BAB I
PENDAHULUAN
Penduduk
Indonesia terdiri dari berbagai etnis, ras, budaya, suku, bahasa, dan agama. Akan
tetapi berbagai konflik dan ketegangan yang terjadi di Indonesia, termasuk
peran agama pun –baik intern atau antar umat beragama- ikut memicu konflik dan
ketegangan yang sering terjadi di tanah air tercinta.
Indonesia
merupakan penduduk mayoritas Islam terbesar di dunia, jadi tidaklah
mengherankan jika Indonesia mendapat perhatian khusus dunia. Seiring dengan
pergerakan globalisasi yang terus berkembang, apakah Islam yang dituduh sebagai agama teoraksi yang
jumud dan rukud (stagnasi atau statis) dapat membangun persatuan
dalam kehidupan masyarakat yang plural?!
Akhirnya
muncul pertanyaan, bagaimana Islam
menyikapi perbedaan dan keberagaman yang
ada? Dan bagaimana pula Islam dapat mewujudkan
persatuan dan kesatuan umat dalam bingkai Negara kesatuan Republik
Indonesia (NKRI) ditengah-tengah masyarakat yang majemuk?!
Uraian
Judul
Persatuan adalah gabungan ikatan atau kumpulan dari beberapa bagian yang
sudah bersatu.
Umat merupakan sebutan lain untuk mahluk yang bernama manusia dan bisa
juga diartikan penganut atau pemeluk suatu agama.

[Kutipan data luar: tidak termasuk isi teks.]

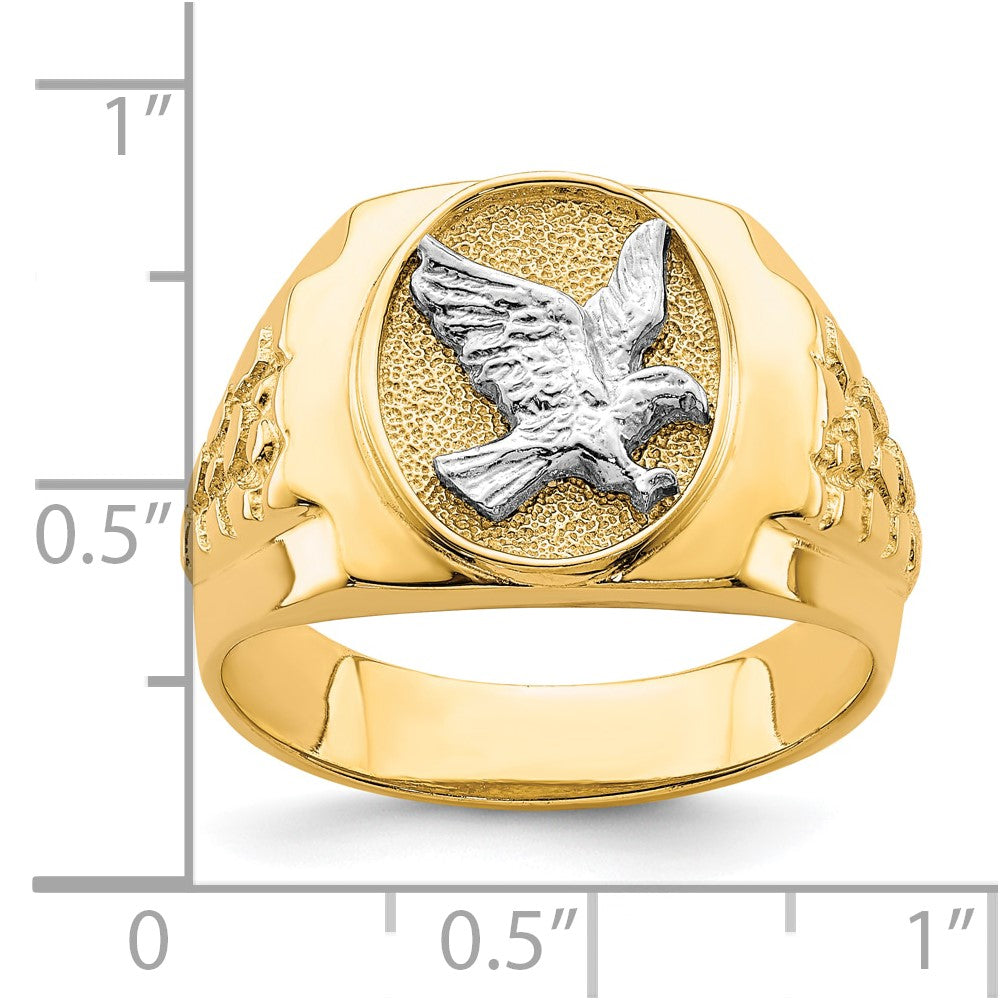 10K Bicolor-Gold Adler-Ring für Herren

Negara adalah organisasi yang sah dalam suatu wilayah yang mempunyai
kekuasaan tertinggi dan ditaati oleh rakyat, atau sebuah kelompok sosial yang
menduduki suatu wilayah atau daerah tertentu yang diorganisasi dibawah lembaga
politik, mempunyai persatuan politik dan
berdaulat sehingga berhak menentukan tujuan nasionalnya.
Bermasyarakat artinya bersatu membentuk masyarakat. Masyarakat adalah sekumpulan
orang yang hidup bersama di suatu tempat atau wilayah dengan ikatan aturan
tertentu.
Majemuk
adalah sesuatu yang terdiri dari beberapa bagian yang merupakan
kesatuan.
Kacamata
adalah sebuah lensa untuk mata yang berguna untuk menormalkan atau
mempertajam penglihatan.
Islam
adalah penyerahan diri kepada Allah dengan melaksanakan dan tunduk
kepada apa yang datang dari Nabi Muhammad saw dari perbuatan yang jelas dalam
syariat dan diketahui oleh agama secara primer (dharurat) atau dengan
adanya al-dalil al-yaqini.
a.
Latar Belakang
Berbagai
konflik -yang dikarenakan perbedaan suku, budaya atau agama- yang terus
terjadi, dan kekerasan yang mengatas
namakan agama khususnya di Indonesia selalu menjadi pusat perhatian. Ironisnya,
sejak kejadian 11 september 2001 Islamlah yang sering dituding menjadi dalang
dibalik teror dan kekerasan dunia.
Kekerasaan
tersebut menjadi argumen kuat bagi mereka yang ingin menafikan toleransi dalam
Islam. Sehingga mereka mengkalaim Islam tidak akan memberi solusi dalam
kehidupan masyarakat, apalagi pada Negara. Dengan ini tawaran hidup ala Barat
yang sekular lebih banyak diminati.
Pluralitas
merupakan sunnatullah yang Allah ciptakan di atas bumi Nya karena Allah
telah berfirman dalam Al Qur’an:
يا أيها الناس إنا خلقناكم من ذكر و
أنثى و جعلناكم شعوبا و قبائل لتعارفوا إن اكرمكم عند الله أتقاكم إن الله عليم
حكيم
“Hai manusia, sesungguhnya Kami menciptakan kamu dari seorang
laki-laki dan seorang perempuan dan menjadikan kamu berbangsa-bangsa dan
bersuku-suku supaya kamu saling mengenal. Sesungguhnya orang yang paling mulia
diantara kamu di sisi Allah ialah orang yang paling bertakwa diantara kamu.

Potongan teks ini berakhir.